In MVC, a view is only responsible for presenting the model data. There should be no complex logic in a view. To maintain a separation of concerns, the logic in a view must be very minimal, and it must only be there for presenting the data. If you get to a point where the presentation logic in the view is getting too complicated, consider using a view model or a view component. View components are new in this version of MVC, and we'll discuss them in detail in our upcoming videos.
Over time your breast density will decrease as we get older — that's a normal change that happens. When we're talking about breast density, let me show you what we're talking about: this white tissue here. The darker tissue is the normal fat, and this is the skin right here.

* * *

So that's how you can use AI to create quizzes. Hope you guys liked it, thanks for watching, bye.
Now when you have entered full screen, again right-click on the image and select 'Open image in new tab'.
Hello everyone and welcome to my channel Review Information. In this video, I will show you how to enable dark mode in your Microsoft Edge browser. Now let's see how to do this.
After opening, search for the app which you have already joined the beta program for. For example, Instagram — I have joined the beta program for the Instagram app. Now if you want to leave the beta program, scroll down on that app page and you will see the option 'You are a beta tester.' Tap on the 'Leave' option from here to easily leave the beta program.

---

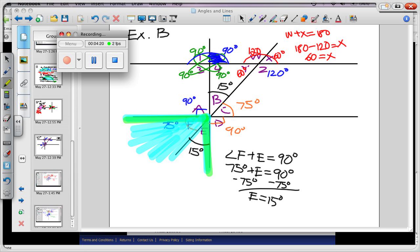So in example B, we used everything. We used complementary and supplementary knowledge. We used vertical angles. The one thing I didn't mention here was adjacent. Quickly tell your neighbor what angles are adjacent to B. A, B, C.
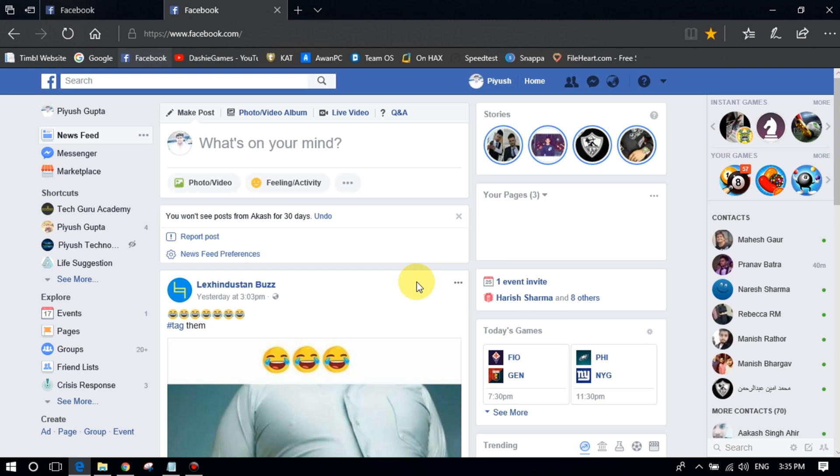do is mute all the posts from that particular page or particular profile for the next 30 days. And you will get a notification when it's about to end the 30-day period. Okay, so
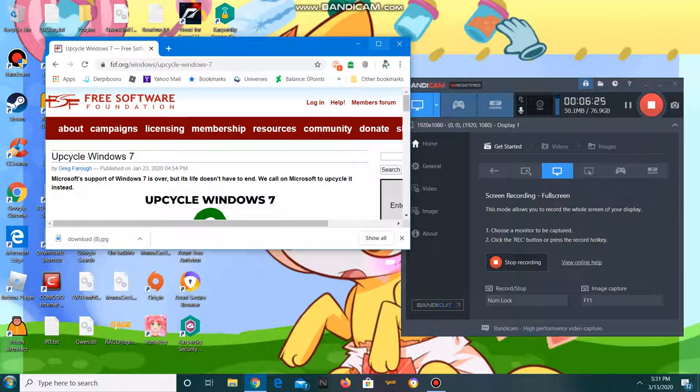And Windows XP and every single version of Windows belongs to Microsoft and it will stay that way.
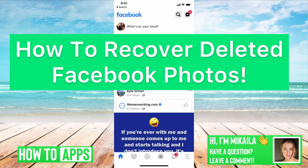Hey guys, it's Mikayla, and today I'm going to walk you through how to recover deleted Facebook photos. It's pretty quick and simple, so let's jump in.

◆ **Your assignment**: Count every line in the listing where the string "show" occurs. Give the total alone.

◆ **Response to this exercise**: 2